Davacılar asıl ve birleştirilen davada, mirasbırakan (babaları) D.T.."un ölümünden bir ay kadar önce tek taşınmazı olan 2346 ada 6 parsel sayılı taşınmazını mirasçıdan mal kaçırma amaçlı ve muvazaalı olarak önce oğlu R. T.."a satış suretiyle temlik ettiğini, Rauf"un da bir süre sonra kendisi ve davalıların yakın arkadaşı olan dava dışı Y.. A.."e satarak devrettiğini, emanetçi olan ve taşınmazı hiç bir zaman kullanmayan Y.. A.."ün de taşınmazı murisin diğer oğulları olan davalılara temlik ettiğini, yapılan tüm temliklerin muvazaalı olduğunu ileri sürerek, miras payları oranında tapu iptali ve tescil isteğinde bulunmuşlardır.
Davalılar, iddiaların doğru olmadığını, murisin evini satılığa çıkardığını, Rauf"un da kendi evini ve traktörünü satarak taşınmazı bedeli ile satın aldığını, evin üzerine bir kat daha yaparak binanın altındaki dükkanı on yıl kadar çalıştırdığını,zaman içerisinde hastalıkları nedeniyle paraya ihtiyacı olduğunu, dükkanı kapatıp evi de Y.. A.. isimli kişiye sattığını, bu kişi ile aralarında hiç bir yakınlık bulunmadığını, iki yıl kadar sonra da taşınmazı kendilerinin satın aldığını, alım güçlerinin de bulunduğunu belirterek, davanın reddini savunmuşlardır. Mahkemece, iddianın kanıtlandığı gerekçesi ile davanın kabulüne karar verilmiştir.

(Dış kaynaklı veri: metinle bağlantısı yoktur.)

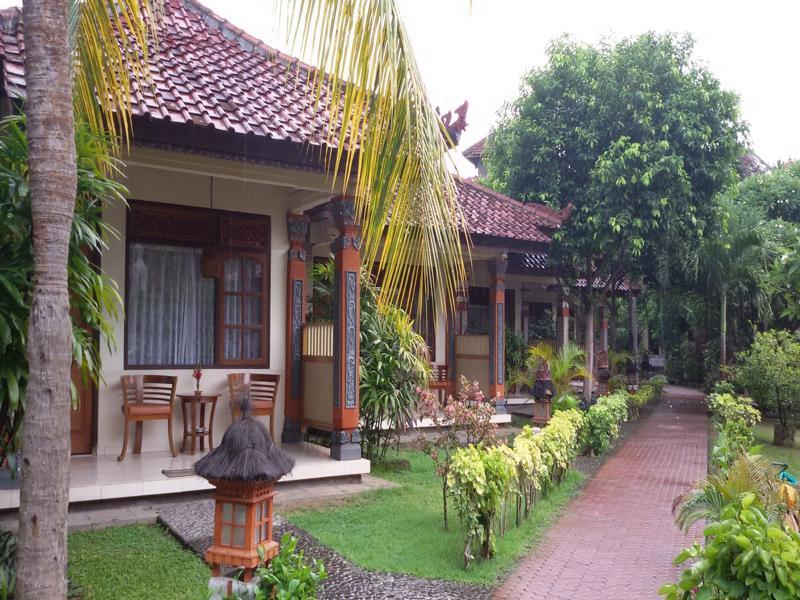 Lovina Beach Hotel Buleleng  Bagian luar foto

Hemen belertmek gerekir ki; dava konusu 2346 ada 6 parsel sayılı taşınmazın mirasçıdan mal kaçırma amaçlı ve muvazaalı olarak ara malikler kullanılarak davalılara temlik edildiği saptanmak suretiyle, mahkemece asıl ve birleştirilen davanın kabulüne karar verilmiş olmasında bir isabetsizlik bulunmamaktadır. Davalıların temyiz itirazları yerinde değildir. Reddine.

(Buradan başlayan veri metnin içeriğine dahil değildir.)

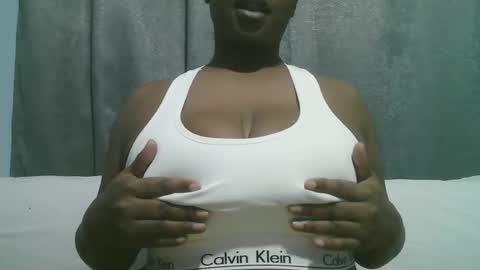 lady_dearra online show from September 2025 02:26:02 AM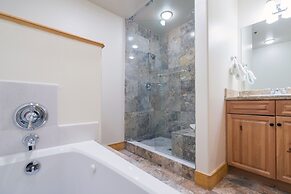 Bear Creek Lodge 309ab 2 Bedroom Condo by Alpine Lodging Telluride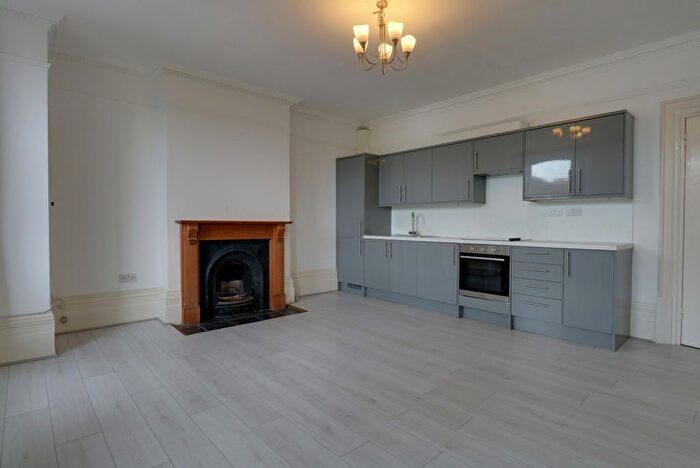 3 Bedroom Flat To Rent In Westcombe Hill, London, Greater London, SE3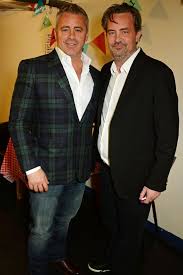 Matthew perry ha puesto a la venta por más de 31 millones de euros el ático de lujo que compró hace dos años en el distrito. Matt Leblanc Dachte Freunde Co Star Matthew Perry War Ein A Loch Vater Brutal Beansprucht Aktuelle Boulevard Nachrichten Und Fotogalerien Zu Stars Sternchen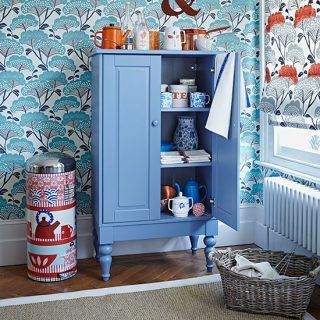 retro kitchen with printed wallpaper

Asıl ve birleştirilen dosya davacılarının temyiz itirazlarına gelince;
Bilindiği üzere; birden çok dava birleştirilmiş olsa dahi, asıl ve birleştirilen davalar birbirinden bağımsız, müstakil davalar olma niteliklerini korurlar. Bu nedenle, hüküm kısmında her bir dava hakkında o davaya ilişkin yargılama gideri, vekalet ücreti ve harç yönünden ayrı ayrı hüküm kurulması gereklidir.
O halde, mahkemece asıl ve birleştirilen davada hükmedilen yargılama gideri, vekalet ücreti ve harç yönünden ayrı ayrı hüküm kurulması gerekirken, yazılı şekilde karar verilmiş olması doğru değildir.
Davacıların bu yöne ilişkin temyiz itirazları yerindedir. Kabulü ile, hükmün açıklanan nedenden ötürü (6100 sayılı Yasanın geçici 3.maddesi yollaması ile) 1086 sayılı HUMK"un 428.maddesi gereğince BOZULMASINA, alınan peşin harcın temyiz edene geri verilmesine, 09.02.2015 tarihinde oybirliğiyle karar verildi.